Records for processing START

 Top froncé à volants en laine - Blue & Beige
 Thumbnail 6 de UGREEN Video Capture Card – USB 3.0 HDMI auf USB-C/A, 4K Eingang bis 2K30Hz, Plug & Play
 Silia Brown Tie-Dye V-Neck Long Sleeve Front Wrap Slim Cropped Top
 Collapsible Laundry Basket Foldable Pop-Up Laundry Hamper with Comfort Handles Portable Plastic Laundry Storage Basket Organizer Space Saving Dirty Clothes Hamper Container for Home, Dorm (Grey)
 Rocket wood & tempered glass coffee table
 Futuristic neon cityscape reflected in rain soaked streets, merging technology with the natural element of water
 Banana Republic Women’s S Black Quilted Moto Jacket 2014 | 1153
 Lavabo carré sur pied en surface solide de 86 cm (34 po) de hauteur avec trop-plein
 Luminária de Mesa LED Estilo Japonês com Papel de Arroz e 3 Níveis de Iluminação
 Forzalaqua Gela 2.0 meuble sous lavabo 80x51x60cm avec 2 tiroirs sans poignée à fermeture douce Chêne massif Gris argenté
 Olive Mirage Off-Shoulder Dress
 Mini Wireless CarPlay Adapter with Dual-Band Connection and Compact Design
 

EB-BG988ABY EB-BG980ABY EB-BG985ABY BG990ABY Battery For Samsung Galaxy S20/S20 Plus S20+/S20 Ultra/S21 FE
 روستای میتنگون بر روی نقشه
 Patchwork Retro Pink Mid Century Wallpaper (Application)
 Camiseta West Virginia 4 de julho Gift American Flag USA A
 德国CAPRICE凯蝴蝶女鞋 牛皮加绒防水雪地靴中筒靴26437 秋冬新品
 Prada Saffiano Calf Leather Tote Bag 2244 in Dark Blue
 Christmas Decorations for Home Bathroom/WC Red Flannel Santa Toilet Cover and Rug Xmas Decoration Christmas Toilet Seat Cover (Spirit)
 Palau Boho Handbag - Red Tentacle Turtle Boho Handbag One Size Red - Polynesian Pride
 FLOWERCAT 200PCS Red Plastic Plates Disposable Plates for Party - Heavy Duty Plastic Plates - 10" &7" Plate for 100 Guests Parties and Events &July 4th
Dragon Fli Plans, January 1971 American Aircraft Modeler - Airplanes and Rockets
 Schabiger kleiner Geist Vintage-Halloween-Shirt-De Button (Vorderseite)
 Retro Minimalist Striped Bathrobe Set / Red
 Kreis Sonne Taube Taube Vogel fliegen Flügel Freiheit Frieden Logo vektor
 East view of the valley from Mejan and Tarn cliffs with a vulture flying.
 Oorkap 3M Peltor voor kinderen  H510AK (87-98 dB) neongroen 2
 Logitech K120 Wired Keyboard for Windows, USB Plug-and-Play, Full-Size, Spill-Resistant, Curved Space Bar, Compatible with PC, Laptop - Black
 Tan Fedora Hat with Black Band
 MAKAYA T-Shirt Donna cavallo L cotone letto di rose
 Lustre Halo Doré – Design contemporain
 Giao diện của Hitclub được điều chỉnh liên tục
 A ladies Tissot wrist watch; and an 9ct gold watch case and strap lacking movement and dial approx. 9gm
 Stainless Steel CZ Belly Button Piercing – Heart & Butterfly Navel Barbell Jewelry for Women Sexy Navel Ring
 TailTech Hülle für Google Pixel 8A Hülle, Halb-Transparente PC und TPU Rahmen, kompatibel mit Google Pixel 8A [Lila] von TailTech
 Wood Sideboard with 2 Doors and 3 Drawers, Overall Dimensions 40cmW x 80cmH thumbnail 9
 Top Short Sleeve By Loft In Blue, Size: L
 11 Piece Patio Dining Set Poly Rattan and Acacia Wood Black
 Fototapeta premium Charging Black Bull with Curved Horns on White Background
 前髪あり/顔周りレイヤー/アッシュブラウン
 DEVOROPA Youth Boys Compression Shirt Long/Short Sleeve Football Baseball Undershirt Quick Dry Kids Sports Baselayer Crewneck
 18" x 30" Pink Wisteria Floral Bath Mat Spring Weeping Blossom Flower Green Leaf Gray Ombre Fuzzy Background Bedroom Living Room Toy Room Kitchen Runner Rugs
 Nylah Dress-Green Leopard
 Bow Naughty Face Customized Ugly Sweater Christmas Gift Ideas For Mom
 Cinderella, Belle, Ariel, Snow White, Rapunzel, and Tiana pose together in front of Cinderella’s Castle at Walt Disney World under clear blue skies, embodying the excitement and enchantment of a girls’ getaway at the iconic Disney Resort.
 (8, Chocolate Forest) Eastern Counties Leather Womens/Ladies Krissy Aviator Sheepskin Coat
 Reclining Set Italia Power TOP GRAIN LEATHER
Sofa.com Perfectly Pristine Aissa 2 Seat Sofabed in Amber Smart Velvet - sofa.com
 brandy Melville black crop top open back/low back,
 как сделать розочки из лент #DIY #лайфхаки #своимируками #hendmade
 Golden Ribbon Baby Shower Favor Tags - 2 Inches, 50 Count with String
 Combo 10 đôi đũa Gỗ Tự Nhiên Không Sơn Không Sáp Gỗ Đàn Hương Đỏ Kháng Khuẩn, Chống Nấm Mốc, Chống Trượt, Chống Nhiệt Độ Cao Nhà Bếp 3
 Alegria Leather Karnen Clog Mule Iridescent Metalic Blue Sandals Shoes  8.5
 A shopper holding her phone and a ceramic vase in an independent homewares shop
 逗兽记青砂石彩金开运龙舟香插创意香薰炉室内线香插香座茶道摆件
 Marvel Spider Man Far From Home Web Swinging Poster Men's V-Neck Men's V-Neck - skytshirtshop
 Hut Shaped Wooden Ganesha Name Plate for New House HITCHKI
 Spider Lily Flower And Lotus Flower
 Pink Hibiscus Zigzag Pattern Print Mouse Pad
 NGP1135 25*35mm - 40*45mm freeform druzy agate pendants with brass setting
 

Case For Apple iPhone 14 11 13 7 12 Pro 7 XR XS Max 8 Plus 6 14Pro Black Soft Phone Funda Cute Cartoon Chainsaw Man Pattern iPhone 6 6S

Records for processing END

Could you repeat exactly the lines in the listing above from the one with "Banana Republic Women’s" down to the one with "Stainless Steel CZ"? Include both of those lines.

 Banana Republic Women’s S Black Quilted Moto Jacket 2014 | 1153
 Lavabo carré sur pied en surface solide de 86 cm (34 po) de hauteur avec trop-plein
 Luminária de Mesa LED Estilo Japonês com Papel de Arroz e 3 Níveis de Iluminação
 Forzalaqua Gela 2.0 meuble sous lavabo 80x51x60cm avec 2 tiroirs sans poignée à fermeture douce Chêne massif Gris argenté
 Olive Mirage Off-Shoulder Dress
 Mini Wireless CarPlay Adapter with Dual-Band Connection and Compact Design
 

EB-BG988ABY EB-BG980ABY EB-BG985ABY BG990ABY Battery For Samsung Galaxy S20/S20 Plus S20+/S20 Ultra/S21 FE
 روستای میتنگون بر روی نقشه
 Patchwork Retro Pink Mid Century Wallpaper (Application)
 Camiseta West Virginia 4 de julho Gift American Flag USA A
 德国CAPRICE凯蝴蝶女鞋 牛皮加绒防水雪地靴中筒靴26437 秋冬新品
 Prada Saffiano Calf Leather Tote Bag 2244 in Dark Blue
 Christmas Decorations for Home Bathroom/WC Red Flannel Santa Toilet Cover and Rug Xmas Decoration Christmas Toilet Seat Cover (Spirit)
 Palau Boho Handbag - Red Tentacle Turtle Boho Handbag One Size Red - Polynesian Pride
 FLOWERCAT 200PCS Red Plastic Plates Disposable Plates for Party - Heavy Duty Plastic Plates - 10" &7" Plate for 100 Guests Parties and Events &July 4th
Dragon Fli Plans, January 1971 American Aircraft Modeler - Airplanes and Rockets
 Schabiger kleiner Geist Vintage-Halloween-Shirt-De Button (Vorderseite)
 Retro Minimalist Striped Bathrobe Set / Red
 Kreis Sonne Taube Taube Vogel fliegen Flügel Freiheit Frieden Logo vektor
 East view of the valley from Mejan and Tarn cliffs with a vulture flying.
 Oorkap 3M Peltor voor kinderen  H510AK (87-98 dB) neongroen 2
 Logitech K120 Wired Keyboard for Windows, USB Plug-and-Play, Full-Size, Spill-Resistant, Curved Space Bar, Compatible with PC, Laptop - Black
 Tan Fedora Hat with Black Band
 MAKAYA T-Shirt Donna cavallo L cotone letto di rose
 Lustre Halo Doré – Design contemporain
 Giao diện của Hitclub được điều chỉnh liên tục
 A ladies Tissot wrist watch; and an 9ct gold watch case and strap lacking movement and dial approx. 9gm
 Stainless Steel CZ Belly Button Piercing – Heart & Butterfly Navel Barbell Jewelry for Women Sexy Navel Ring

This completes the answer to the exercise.